[[ Source material, beginning ]]

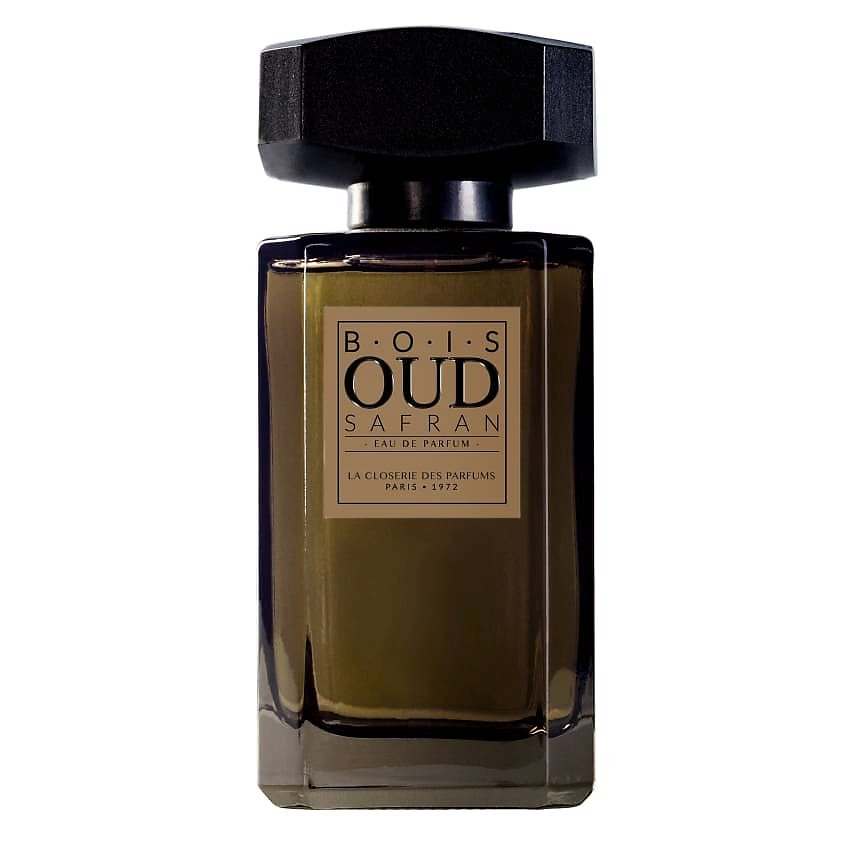 Oud Safran by La Closerie des Parfums perfume bottle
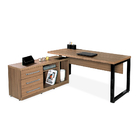 Conjunto Mesa Para Estudo 1,60x0,70x0,79 - Conjugada C/ Armár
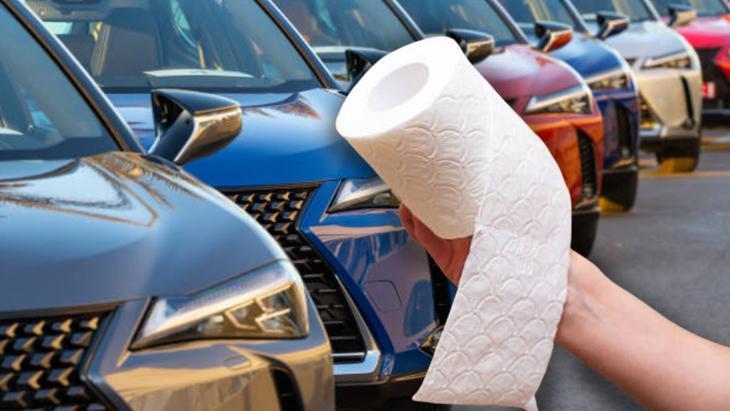 Banyodan alıp arabaya koyun Bir rulosu adeta mucize gibi: Buğu da donma da bitiyor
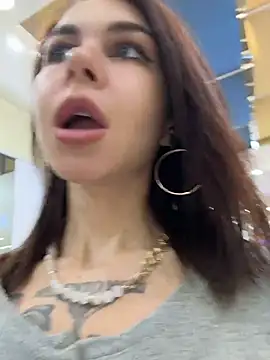 RosieDesire webcam
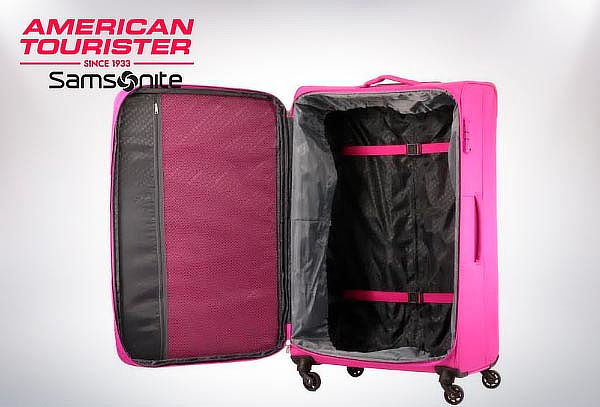 American Tourister - Hasta 90% de descuento en Ofertop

[[ Source material, end ]]

Make an exact reproduction of the listing above, without any pictures.

> **Task result**
 Oud Safran by La Closerie des Parfums perfume bottle
 Conjunto Mesa Para Estudo 1,60x0,70x0,79 - Conjugada C/ Armár
 Banyodan alıp arabaya koyun Bir rulosu adeta mucize gibi: Buğu da donma da bitiyor
 RosieDesire webcam
 American Tourister - Hasta 90% de descuento en Ofertop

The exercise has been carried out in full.